La criminalità organizzata calabrese, storicamente presente in Germania, si è sviluppata anche in altri Stati Ue. Tra questi vi è il Belgio che "costituisce uno dei principali poli di interesse delle cosche calabresi, in particolare di quelle ionico-reggine, risultate ben inserite nei settori economici ed imprenditoriali del Paese". Qui “le consorterie calabresi hanno mostrato una particolare inclinazione a stabilirsi in determinate aree come, ad esempio, le zone di Mons e Charleroi (prossime al confine francese) e quelle di Liegi - Limburg (presso il confine olandese) luoghi in cui, sfruttando la storica presenza di comunità di immigrati dall’Italia, è stato possibile agevolare la latitanza di pericolosi criminali italiani”.

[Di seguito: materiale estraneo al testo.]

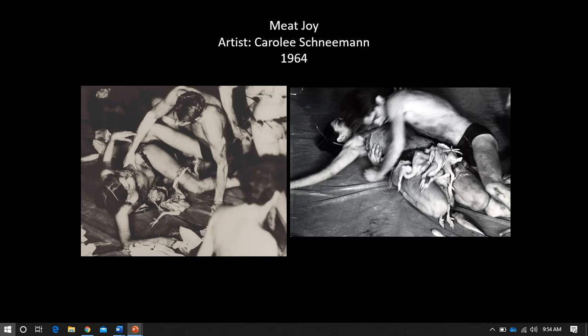Here's what Schneeman says about it: 'Meat Joy has the character of an erotic rite — excessive, indulgent — a celebration of flesh as material: raw fish, chickens, sausages, wet paint, transparent plastic, rope, brushes, scrap paper. Its propulsion is towards the ecstatic, shifting and turning between tenderness, wildness, precision, abandon — qualities which could at any moment be sensual, comic, joyous, repellent.'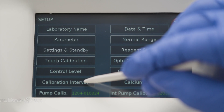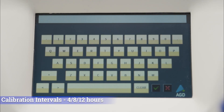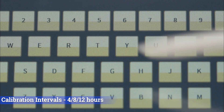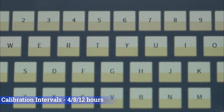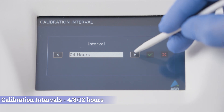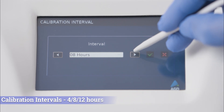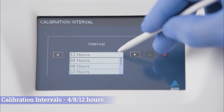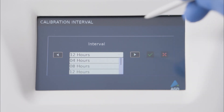With automatic calibration, you can rely on consistent and reliable results without the need for frequent manual adjustments. This not only saves time but also ensures accuracy.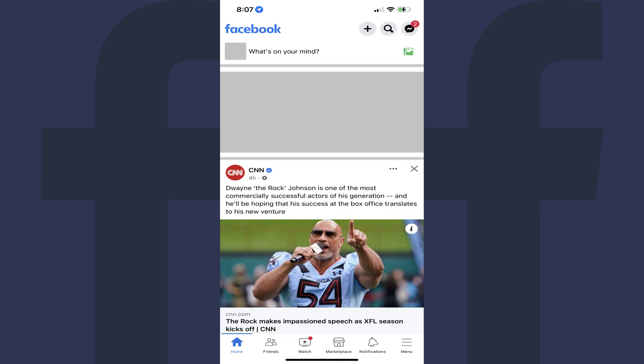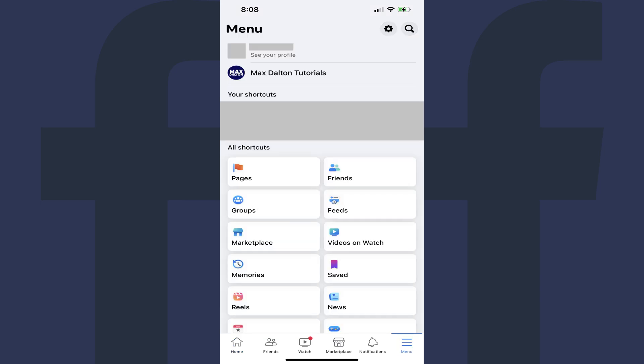Step 1. Launch the Facebook app on your iPhone, iPad, or Android device. You'll land on your Facebook home screen. Step 2. Tap the menu icon at the bottom of the screen. You'll land on the menu screen.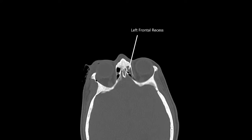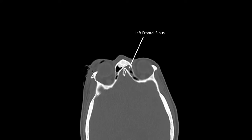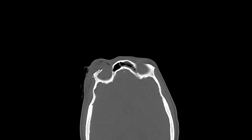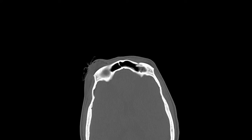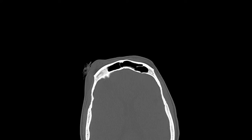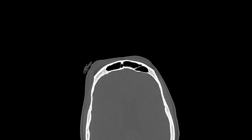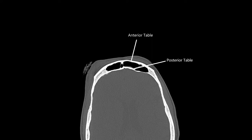Scrolling up superiorly, the left side of the frontal sinus has some partial opacification, signifying that there is some sort of bony fracture nearby. However, the frontal recess and the anterior and posterior tables of the frontal sinus are intact, so there's no issue with the frontal sinus.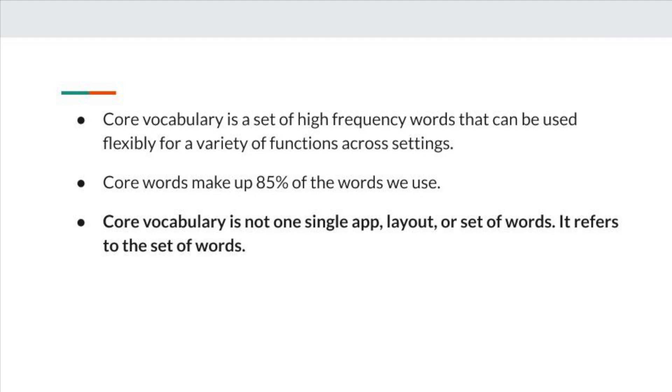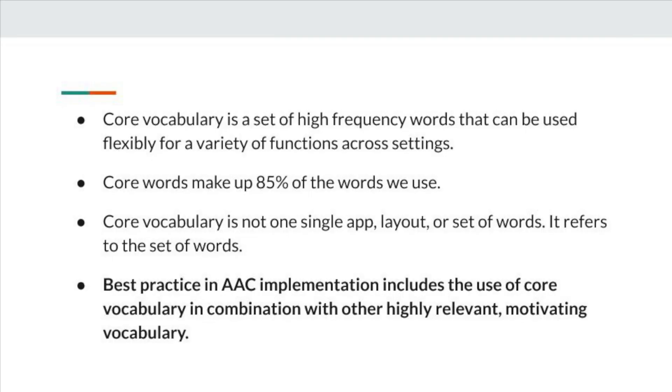Core vocabulary is not one single app, layout, set of symbols, or set of words — it refers to simply a set of words that are used. Best practice in AAC implementation includes the use of a core vocabulary system, in addition to other vocabulary that's highly motivating and relevant for that individual.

In Olanda “la ‘Ndrangheta ha assunto un ruolo di rilievo proprio con riferimento al settore degli stupefacenti, in relazione al quale non solo organizza gran parte della logistica, ma da cui ottiene importanti capitali che vengono reinvestiti e impiegati per gestire la latitanza di elementi di spicco dell’organizzazione”. In Svizzera, negli ultimi anni, le indagini hanno mostrato “che in alcune aree elvetiche la ’Ndrangheta ha espresso un controllo diretto delle attività economiche, mantenendo i contatti con l’organizzazione in Calabria”.
Ma gli interessi criminali arrivano fino alla vicina Malta dove Cosa nostra e ‘Ndrangheta sfruttano maggiormente le opportunità offerte dal settore delle scommesse illegali.